• **Exercise instructions**
In the entries below, find the lines that contain the word "with" and copy them.

Records for the task START

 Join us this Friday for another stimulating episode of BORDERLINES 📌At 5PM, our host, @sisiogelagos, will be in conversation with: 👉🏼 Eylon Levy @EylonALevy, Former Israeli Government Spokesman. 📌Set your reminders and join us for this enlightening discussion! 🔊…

Records for the task END
Records for the task START

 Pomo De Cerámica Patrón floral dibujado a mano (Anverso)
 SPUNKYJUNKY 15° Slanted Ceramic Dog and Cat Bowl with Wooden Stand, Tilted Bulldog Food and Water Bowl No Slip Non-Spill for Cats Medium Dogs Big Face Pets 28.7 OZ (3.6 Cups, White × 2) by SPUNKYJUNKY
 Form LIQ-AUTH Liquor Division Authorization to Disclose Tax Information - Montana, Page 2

Records for the task END

• **Task solution**
 Join us this Friday for another stimulating episode of BORDERLINES 📌At 5PM, our host, @sisiogelagos, will be in conversation with: 👉🏼 Eylon Levy @EylonALevy, Former Israeli Government Spokesman. 📌Set your reminders and join us for this enlightening discussion! 🔊…
 SPUNKYJUNKY 15° Slanted Ceramic Dog and Cat Bowl with Wooden Stand, Tilted Bulldog Food and Water Bowl No Slip Non-Spill for Cats Medium Dogs Big Face Pets 28.7 OZ (3.6 Cups, White × 2) by SPUNKYJUNKY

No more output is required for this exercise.